Se llevó el cigarrillo a sus labios,
le dio una última calada y aspiró el humo hasta que sintió que inundaba sus
pulmones. Con el rostro contraído y rojo, las venas del cuello
dilatadas, lo lanzó con precisión hacía el lugar de donde había salido como un
huracán.
—Maldita ―gritó a viva
voz. Escupió en el piso con una mueca de desdén.
Las callejuelas desoladas, el
silencio y la complicidad de la noche le infundieron un mínimo de confianza y
poco a poco menguó el temblor que recorría su cuerpo. Relajó los
nervios. «Todo estará bien, no es real, no es real», se repetía una
y otra vez.
Recordó los últimos acontecimientos,
esos que habían trastocado su mundo que él creía tan perfecto. Ella era la
razón de su existir y desde que coincidieron eran inseparables, «se amaban,
estaba seguro».
Su mirada se posó en la rosa roja que
había dispuesto para ella y que aún conservaba. Una lágrima pugnó
por salir, con fuerza la borró con su mano.

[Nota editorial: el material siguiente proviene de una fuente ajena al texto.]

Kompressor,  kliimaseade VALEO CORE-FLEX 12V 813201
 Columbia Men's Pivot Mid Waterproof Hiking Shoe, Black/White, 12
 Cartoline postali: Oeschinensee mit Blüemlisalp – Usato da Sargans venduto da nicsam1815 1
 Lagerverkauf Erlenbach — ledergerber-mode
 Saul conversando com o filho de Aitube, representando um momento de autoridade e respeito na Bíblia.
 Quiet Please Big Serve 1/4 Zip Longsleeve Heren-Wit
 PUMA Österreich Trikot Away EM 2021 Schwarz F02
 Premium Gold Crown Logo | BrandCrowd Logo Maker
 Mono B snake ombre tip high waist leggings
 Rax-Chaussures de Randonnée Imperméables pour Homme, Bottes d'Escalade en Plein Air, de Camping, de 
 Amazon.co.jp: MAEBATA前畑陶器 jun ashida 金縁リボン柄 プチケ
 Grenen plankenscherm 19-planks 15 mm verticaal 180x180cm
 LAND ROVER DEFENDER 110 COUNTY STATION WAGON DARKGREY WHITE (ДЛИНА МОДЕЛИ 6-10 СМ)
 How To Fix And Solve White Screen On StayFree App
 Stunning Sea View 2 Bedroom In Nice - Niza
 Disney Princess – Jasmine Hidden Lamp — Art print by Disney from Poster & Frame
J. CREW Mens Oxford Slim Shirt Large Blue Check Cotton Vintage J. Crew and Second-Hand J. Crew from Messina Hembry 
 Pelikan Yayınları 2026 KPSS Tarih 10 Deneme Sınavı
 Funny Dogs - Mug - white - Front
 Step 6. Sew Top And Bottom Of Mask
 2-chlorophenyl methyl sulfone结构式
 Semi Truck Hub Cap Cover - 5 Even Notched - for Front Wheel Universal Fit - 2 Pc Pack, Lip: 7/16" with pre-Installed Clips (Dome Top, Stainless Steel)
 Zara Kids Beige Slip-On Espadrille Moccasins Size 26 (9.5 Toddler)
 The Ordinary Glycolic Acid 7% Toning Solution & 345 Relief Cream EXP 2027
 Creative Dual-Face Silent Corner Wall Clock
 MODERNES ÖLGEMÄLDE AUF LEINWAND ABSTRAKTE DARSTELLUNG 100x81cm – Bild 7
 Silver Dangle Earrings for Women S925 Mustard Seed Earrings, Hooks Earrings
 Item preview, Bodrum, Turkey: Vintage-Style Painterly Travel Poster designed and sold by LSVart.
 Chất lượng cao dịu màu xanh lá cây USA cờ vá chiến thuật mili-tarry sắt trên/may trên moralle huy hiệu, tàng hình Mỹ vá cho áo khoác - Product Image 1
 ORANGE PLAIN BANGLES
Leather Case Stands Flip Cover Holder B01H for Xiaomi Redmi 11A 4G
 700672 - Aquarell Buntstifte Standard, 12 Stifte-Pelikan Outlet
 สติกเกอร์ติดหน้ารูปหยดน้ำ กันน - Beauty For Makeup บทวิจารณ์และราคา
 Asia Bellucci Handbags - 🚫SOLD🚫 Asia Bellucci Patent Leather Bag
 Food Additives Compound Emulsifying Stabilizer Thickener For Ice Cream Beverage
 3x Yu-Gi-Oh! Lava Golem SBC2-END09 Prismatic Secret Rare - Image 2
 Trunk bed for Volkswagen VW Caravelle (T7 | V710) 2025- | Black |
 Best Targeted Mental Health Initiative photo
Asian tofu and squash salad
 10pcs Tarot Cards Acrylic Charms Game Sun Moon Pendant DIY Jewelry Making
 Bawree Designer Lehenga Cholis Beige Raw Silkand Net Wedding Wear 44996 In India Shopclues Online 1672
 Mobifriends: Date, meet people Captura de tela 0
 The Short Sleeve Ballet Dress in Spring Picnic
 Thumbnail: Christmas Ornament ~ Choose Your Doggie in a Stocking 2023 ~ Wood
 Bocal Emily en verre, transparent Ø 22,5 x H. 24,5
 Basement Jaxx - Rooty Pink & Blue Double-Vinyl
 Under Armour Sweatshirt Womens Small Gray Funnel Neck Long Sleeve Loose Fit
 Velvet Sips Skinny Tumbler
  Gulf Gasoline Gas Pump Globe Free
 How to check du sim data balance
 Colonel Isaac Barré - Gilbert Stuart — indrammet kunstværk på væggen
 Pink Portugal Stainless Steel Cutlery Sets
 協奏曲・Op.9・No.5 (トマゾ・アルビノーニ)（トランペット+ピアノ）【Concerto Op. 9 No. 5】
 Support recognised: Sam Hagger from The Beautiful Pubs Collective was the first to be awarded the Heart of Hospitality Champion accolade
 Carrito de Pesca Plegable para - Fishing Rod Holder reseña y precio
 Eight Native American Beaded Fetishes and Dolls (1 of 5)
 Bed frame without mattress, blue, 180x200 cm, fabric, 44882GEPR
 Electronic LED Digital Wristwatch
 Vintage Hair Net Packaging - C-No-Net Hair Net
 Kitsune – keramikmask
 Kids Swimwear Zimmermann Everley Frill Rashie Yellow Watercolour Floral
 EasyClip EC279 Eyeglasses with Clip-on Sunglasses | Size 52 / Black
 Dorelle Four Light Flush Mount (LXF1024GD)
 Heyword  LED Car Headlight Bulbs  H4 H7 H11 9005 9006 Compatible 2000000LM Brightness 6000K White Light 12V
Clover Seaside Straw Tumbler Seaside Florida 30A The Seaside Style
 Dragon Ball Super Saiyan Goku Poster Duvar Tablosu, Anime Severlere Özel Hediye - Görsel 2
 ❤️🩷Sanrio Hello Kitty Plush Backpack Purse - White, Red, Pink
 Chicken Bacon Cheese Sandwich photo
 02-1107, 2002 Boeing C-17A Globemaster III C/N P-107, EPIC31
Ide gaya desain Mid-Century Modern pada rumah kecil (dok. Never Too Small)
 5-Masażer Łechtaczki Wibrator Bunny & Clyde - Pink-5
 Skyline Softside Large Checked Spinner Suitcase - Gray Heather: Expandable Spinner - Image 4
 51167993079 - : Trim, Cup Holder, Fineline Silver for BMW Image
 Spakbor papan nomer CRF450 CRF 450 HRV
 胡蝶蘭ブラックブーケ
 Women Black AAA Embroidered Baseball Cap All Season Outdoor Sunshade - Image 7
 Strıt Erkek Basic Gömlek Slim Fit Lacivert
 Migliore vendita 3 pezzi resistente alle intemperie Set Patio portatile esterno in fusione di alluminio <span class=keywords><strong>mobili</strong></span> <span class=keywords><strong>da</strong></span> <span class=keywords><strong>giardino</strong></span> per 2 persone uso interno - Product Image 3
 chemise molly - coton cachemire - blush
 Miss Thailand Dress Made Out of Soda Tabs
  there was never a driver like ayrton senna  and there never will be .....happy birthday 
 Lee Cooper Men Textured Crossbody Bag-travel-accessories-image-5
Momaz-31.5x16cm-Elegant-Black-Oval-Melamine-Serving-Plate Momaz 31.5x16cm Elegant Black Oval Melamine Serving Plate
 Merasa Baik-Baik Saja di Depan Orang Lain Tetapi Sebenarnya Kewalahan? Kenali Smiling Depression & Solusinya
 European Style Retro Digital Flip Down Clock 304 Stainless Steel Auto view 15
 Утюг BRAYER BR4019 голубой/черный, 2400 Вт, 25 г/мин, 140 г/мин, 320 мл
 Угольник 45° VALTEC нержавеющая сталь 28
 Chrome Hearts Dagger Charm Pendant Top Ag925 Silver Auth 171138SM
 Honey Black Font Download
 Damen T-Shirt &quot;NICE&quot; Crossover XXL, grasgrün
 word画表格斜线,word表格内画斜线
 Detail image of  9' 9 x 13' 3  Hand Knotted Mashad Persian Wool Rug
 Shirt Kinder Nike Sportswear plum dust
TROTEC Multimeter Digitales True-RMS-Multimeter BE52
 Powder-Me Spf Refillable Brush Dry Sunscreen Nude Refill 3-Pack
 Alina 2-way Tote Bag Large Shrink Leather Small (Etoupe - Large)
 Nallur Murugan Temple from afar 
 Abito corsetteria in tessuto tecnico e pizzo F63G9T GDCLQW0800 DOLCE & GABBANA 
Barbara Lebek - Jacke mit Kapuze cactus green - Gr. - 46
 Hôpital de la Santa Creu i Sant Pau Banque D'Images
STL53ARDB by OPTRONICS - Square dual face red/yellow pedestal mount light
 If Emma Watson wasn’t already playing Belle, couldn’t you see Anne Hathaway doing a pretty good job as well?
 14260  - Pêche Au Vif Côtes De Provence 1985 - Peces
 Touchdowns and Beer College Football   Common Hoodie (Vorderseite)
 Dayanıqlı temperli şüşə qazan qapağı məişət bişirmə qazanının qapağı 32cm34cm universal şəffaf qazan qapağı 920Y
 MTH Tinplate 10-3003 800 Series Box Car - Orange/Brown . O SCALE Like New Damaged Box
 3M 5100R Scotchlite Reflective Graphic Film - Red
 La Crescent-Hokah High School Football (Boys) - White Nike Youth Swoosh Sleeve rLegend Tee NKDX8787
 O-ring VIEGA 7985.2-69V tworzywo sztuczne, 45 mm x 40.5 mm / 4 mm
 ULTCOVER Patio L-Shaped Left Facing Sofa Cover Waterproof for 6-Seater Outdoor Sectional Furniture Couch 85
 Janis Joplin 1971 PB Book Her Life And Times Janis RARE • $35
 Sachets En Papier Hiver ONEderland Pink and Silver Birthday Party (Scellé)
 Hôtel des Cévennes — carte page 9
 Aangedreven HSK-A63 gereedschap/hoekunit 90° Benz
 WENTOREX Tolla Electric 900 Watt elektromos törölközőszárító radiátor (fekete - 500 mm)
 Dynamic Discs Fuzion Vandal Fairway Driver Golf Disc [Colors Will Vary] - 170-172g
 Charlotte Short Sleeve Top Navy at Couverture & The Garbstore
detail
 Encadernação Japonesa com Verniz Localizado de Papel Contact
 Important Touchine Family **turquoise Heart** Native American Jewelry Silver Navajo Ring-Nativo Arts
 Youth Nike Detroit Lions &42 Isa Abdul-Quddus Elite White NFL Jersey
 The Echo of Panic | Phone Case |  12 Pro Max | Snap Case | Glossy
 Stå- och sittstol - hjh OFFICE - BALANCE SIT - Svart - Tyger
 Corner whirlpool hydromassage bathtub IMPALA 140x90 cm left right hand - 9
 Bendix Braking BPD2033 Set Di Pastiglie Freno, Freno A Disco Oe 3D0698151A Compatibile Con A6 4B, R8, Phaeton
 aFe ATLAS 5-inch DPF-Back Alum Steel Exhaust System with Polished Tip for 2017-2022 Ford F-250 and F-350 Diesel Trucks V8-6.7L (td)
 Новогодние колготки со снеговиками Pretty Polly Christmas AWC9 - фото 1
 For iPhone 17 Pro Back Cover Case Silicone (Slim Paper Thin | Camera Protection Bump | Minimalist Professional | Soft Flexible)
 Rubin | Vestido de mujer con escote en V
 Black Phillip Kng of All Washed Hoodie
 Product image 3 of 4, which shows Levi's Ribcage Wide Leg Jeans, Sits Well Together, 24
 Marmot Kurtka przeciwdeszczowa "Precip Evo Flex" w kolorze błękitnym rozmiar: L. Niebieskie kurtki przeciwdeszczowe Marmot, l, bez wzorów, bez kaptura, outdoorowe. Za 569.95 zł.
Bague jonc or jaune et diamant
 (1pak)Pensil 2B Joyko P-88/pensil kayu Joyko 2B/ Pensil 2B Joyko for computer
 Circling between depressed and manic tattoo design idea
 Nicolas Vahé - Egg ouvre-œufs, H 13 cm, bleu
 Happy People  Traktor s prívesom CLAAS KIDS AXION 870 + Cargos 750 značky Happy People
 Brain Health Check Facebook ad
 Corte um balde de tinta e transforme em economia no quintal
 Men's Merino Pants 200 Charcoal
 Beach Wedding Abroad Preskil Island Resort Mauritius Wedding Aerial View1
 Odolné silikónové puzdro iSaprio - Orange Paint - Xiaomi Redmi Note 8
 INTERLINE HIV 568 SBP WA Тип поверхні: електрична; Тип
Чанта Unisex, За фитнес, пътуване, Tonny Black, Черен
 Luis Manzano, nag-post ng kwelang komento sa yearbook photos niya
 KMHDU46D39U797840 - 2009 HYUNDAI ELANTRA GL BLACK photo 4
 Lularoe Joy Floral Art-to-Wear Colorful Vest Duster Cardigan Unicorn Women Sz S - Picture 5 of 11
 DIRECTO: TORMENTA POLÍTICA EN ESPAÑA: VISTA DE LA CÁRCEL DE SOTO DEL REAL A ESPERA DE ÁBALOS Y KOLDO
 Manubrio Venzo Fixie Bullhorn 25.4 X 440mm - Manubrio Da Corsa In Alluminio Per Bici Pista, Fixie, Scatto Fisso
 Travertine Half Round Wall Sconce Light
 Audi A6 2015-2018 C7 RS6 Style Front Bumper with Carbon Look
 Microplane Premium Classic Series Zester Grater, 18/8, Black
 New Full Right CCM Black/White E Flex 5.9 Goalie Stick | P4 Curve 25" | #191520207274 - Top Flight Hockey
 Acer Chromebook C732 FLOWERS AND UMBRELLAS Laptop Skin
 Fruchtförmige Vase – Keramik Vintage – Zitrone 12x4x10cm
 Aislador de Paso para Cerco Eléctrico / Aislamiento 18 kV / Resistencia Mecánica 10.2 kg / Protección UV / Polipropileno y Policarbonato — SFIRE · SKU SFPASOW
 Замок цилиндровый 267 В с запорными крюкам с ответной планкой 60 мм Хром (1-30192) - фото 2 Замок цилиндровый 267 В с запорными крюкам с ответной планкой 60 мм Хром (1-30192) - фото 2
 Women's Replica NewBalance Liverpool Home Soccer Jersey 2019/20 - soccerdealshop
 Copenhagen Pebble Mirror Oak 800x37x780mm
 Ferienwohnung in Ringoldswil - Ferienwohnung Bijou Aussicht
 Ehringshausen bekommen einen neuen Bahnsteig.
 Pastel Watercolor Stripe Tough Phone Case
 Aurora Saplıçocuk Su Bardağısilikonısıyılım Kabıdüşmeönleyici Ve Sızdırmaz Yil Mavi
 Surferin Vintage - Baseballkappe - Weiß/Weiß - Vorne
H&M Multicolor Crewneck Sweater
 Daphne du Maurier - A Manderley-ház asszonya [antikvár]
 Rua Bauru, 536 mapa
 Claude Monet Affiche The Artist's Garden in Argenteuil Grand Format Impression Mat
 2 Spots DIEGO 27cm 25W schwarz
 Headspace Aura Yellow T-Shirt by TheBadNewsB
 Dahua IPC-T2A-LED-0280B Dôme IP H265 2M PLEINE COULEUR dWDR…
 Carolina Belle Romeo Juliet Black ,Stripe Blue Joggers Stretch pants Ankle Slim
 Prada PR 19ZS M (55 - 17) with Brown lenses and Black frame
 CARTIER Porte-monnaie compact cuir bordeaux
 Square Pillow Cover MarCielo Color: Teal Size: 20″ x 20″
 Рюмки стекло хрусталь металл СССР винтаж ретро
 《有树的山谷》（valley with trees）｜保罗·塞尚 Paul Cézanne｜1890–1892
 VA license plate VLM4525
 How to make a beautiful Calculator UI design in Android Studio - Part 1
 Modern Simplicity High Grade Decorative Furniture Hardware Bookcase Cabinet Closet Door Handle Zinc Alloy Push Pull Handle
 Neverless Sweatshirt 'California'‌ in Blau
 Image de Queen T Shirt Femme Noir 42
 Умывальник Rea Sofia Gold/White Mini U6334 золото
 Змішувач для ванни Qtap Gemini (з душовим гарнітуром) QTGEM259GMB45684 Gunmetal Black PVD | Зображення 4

Cerró los ojos, «era mejor no
pensar», se dijo, sin embargo los recuerdos se atropellaban en su memoria. Una
imagen le quemaba en la sien y se hundía en su pecho como un puñal. Ella
desnuda, dispuesta, entregada y... La puerta entreabierta, su perfume que
impregnaba la alcoba a media luz, las velas aromáticas, el incienso,
los susurros y gemidos ahogados, las risas, las voces masculinas,
su presencia no advertida, no dar crédito a lo que estaba presenciando, el
dolor punzante, la locura que hizo presa de sí, su rabia sorda y su
orgullo herido, el sótano, el líquido, los acontecimientos
descontrolados y su salida precipitada.
Lenguas de fuego iluminaron la calle.
El sonido de las sirenas de los bomberos, de la ambulancia y de la policía,
interrumpieron la calma, provocando que él volviera al presente y que en su
interno algo se disparara.
Con estupor, miró a su alrededor como
intentando asimilar lo que se
desarrollaba ante sí. «Es una pesadilla», se dijo.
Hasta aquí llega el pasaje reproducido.